Salvage Therapy of Progressive and Recurrent Hodgkin’s Disease- ASH study

The American Society of Haematology (ASH) had its annual meeting earlier this month. Haematologists from around the world gathered at the San Diego Convention Centre to provide a forum for discussing critical issues in haematology. Nearly 20,000 clinicians, scientists, and others attended the four-day meeting, which consisted of an educational program and cutting-edge scientific sessions. The following was one of the presentations given at the meeting.

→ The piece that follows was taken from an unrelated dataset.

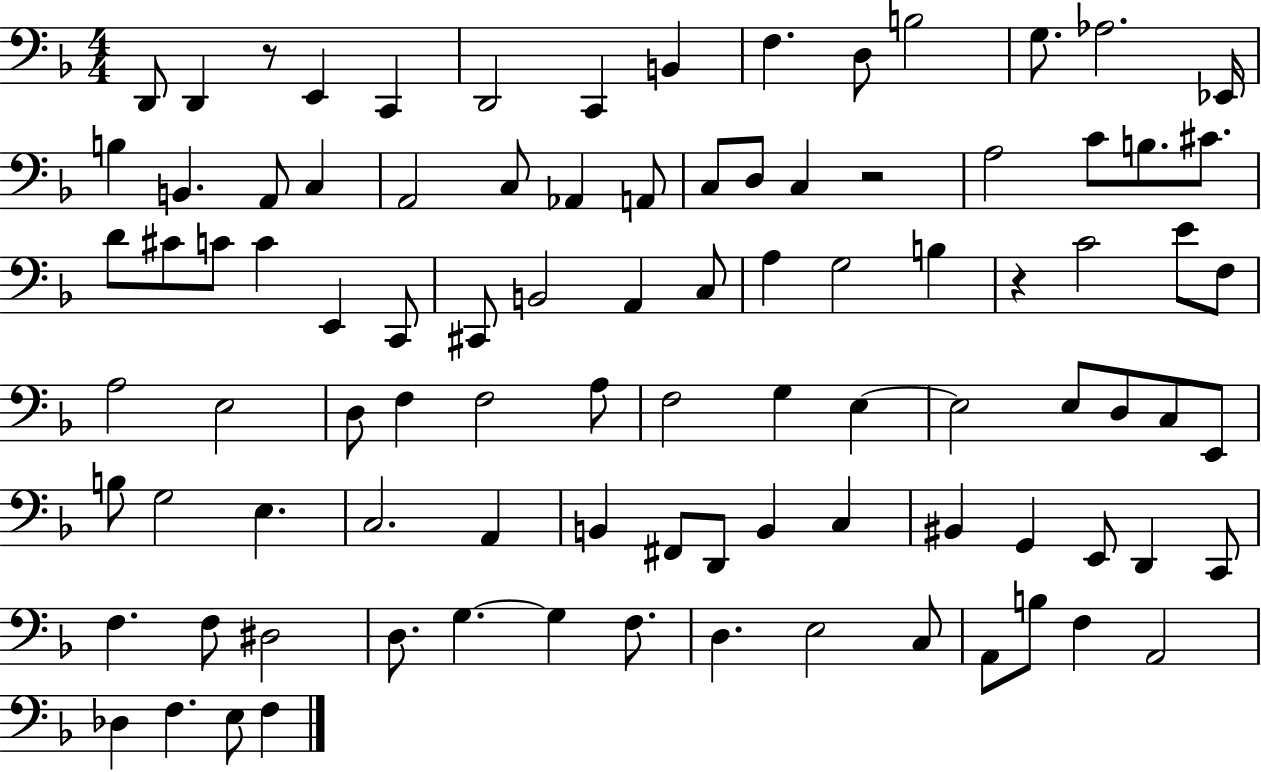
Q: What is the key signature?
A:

The aim of the study was to evaluate the efficacy of a salvage therapy (ST-HD-86) developed for children and adolescents with progressive or relapsed Hodgkin’s disease (HD) who were primarily treated in the pediatric DAL/GPOH studies. The essential chemotherapeutic elements were ifosfamide, etoposide, prednisone (IEP) and doxorubicine, bleomycin, vinblastine, dacarbazine (ABVD). 176 patients with progression (N=51) or first relapse (N=125) were enrolled by 67 centers from six countries between 1986 and 2003. The median time from initial diagnosis to progression/relapse was 1.1 (range, 0.02-17.1) years and the median patients age at the diagnosis of progression/relapse was 14.7 (range, 4.3-24.5) years. Salvage therapy consisted of 3-5 alternating cycles of IEP and ABVD, supplemented in part by 1-2 cycles of cyclophosphamide, vincristine, procarbazine, prednisone (COPP) or CCNU, etoposide, prednimustine (CEP). Radiotherapy was given to involved areas using individualized dosages. In the 1990ies, high-dose high dose chemotherapy with stem cell support was introduced for patients with unfavorable prognostic criteria. Disease-free survival (DFS) and overall survival (OS) at 10 years after initiation of salvage therapy are 63±4% and 74±4%. Second events occurred in 70 of 176 pts (40%). Risk factor analysis revealed the time until progression/relapse as the most discriminating prognostic factor (p=.0001). Patients with progression had an inferior outcome (DFS 41±7%, OS 51±8%), whereas patients with late relapses (>12 months after end of therapy) do very well (DFS 87±4%, OS 90±4%). The result of study ST-HD-86 with a long-term survival of 74% in this large cohort of patients with progressive or relapsed HD can be considered favorable. While the salvage strategy for patients with progression has to be further optimized, a reduction of intensity might be considered for those patients with late relapses following HD in childhood or adolescence.(Source: American Society of Haematology (ASH): Blood, Volume 104, issue 11, November 16, 2004.)